PROBLEM DETAILS: Write out exactly the lines from the one with "1989 Ford Bronco" through the last line of the data below, but not the pictures.

SOURCE MATERIAL:
-*-
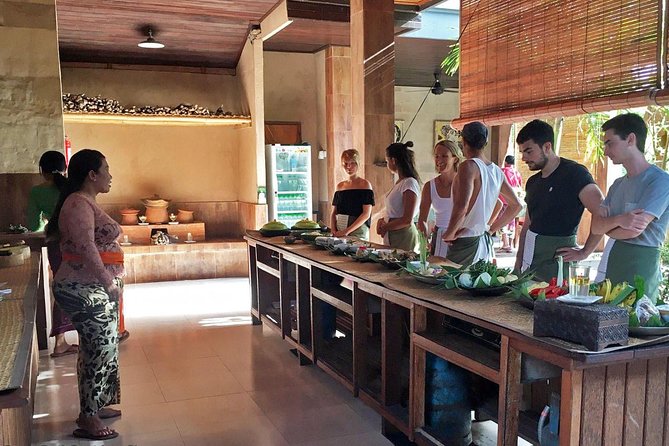 Balinese Cooking Class With Traditional Morning Market Visit - Savoring Masterpieces as Sit-Down Meal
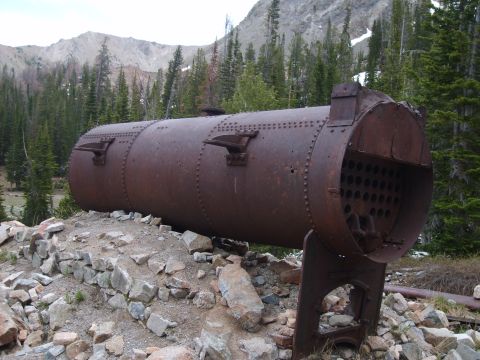 1989 Ford Bronco - An old, corroded boiler sits abandoned on a mountainside, surrounded by rocks and sparse vegetation.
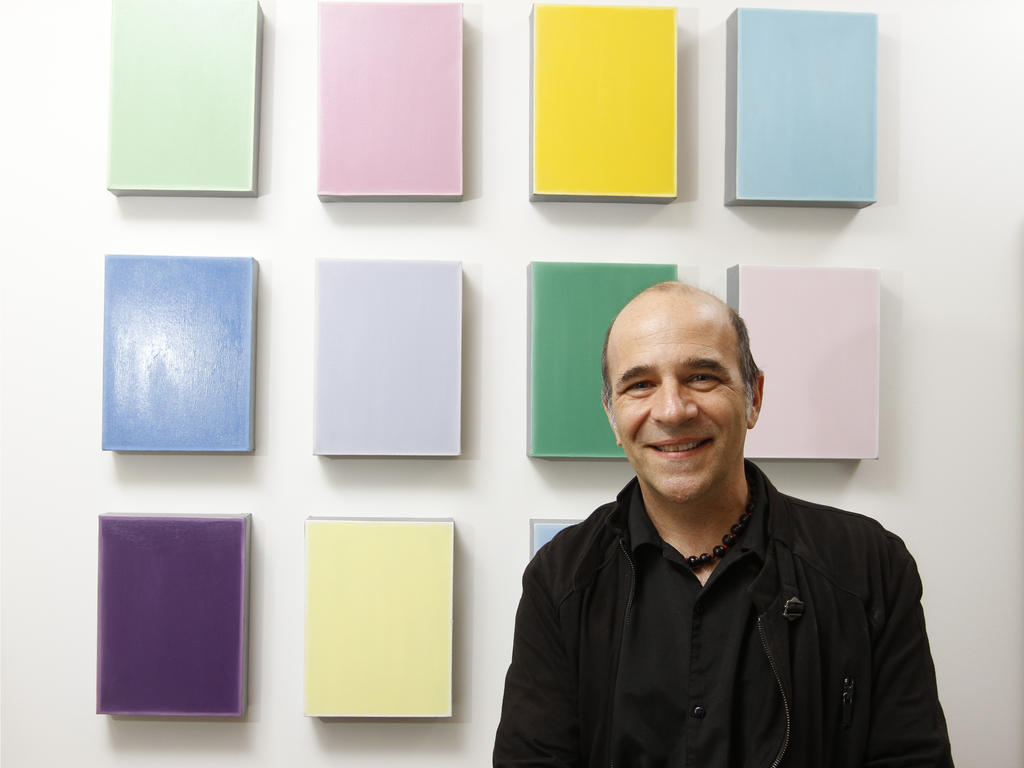 an older, male professor standing in front of a collection of monotone canvases hanging on a white wall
-*-
ANSWER SECTION:
 1989 Ford Bronco - An old, corroded boiler sits abandoned on a mountainside, surrounded by rocks and sparse vegetation.
 an older, male professor standing in front of a collection of monotone canvases hanging on a white wall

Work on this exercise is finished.